TASK INSTRUCTIONS: Return the data below unchanged. Drop any pictures.

EXERCISE DATA START

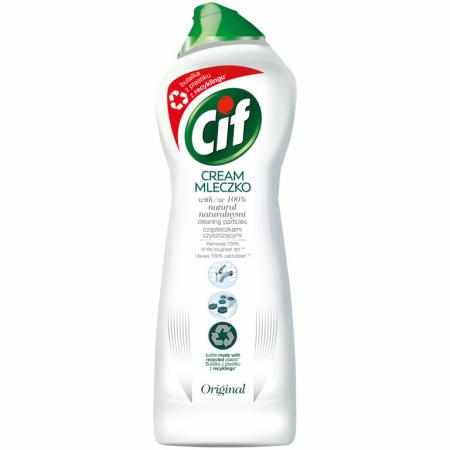 SAMCHEM Cif Cream Mleczko do czyszczenia z mikrokryształkami Original 780g CIF W kuchni Cif Mleczko Original – skutecznie us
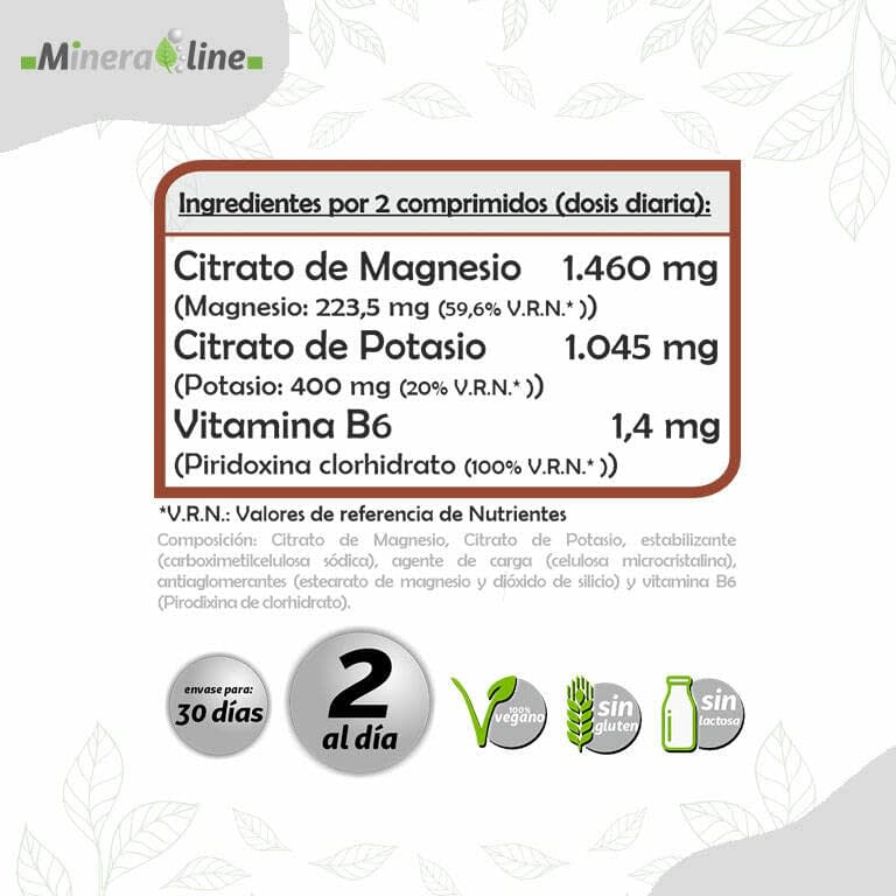 Mineraline Magnesium 60 cápsulas | Pinisan - Dietetica Ferrer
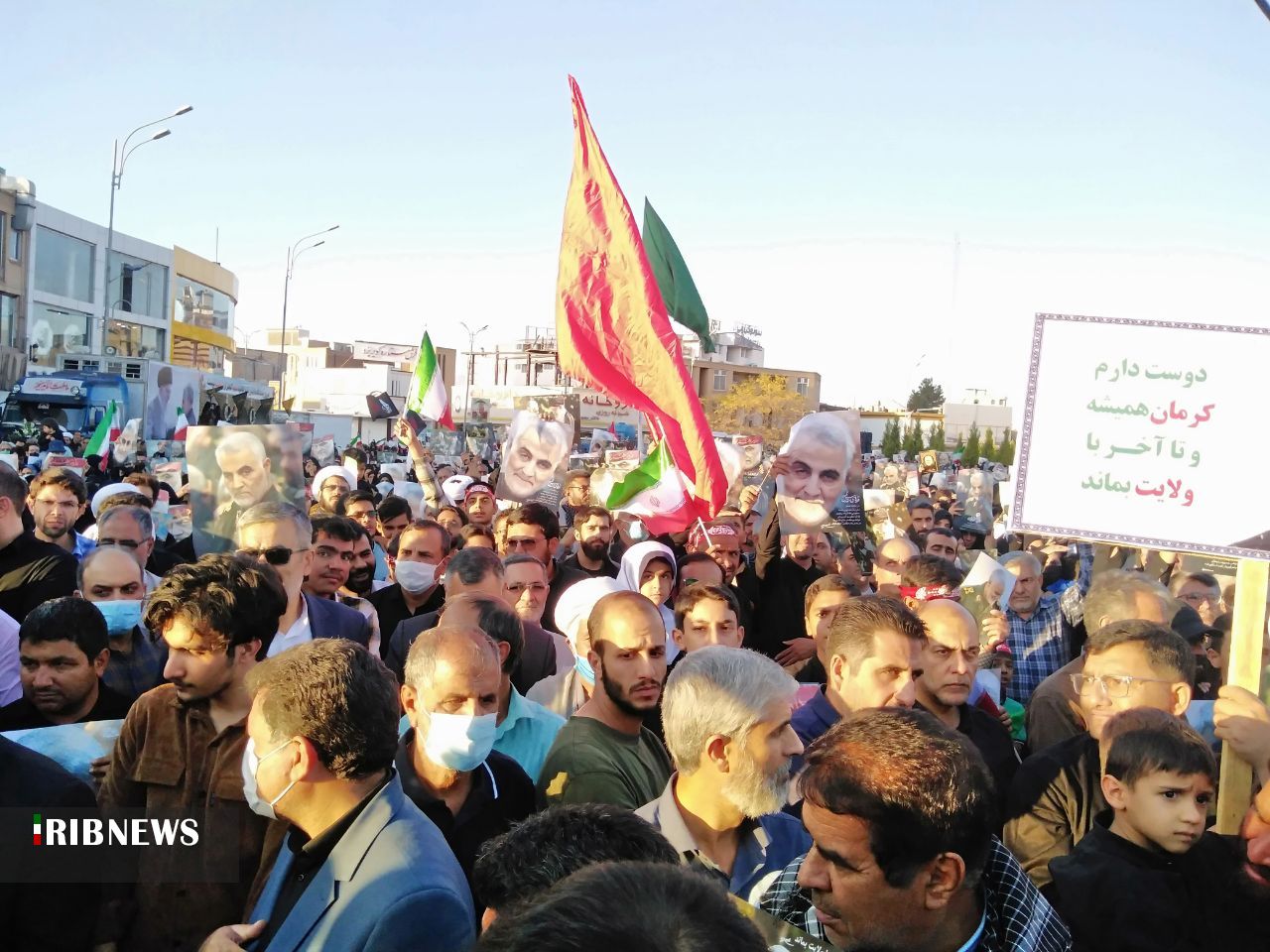 تجمع بزرگ کرمانی‌ها در محکوم کردن اغتشاشگران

EXERCISE DATA END

RESULT FOR THIS EXERCISE:
 SAMCHEM Cif Cream Mleczko do czyszczenia z mikrokryształkami Original 780g CIF W kuchni Cif Mleczko Original – skutecznie us
 Mineraline Magnesium 60 cápsulas | Pinisan - Dietetica Ferrer
 تجمع بزرگ کرمانی‌ها در محکوم کردن اغتشاشگران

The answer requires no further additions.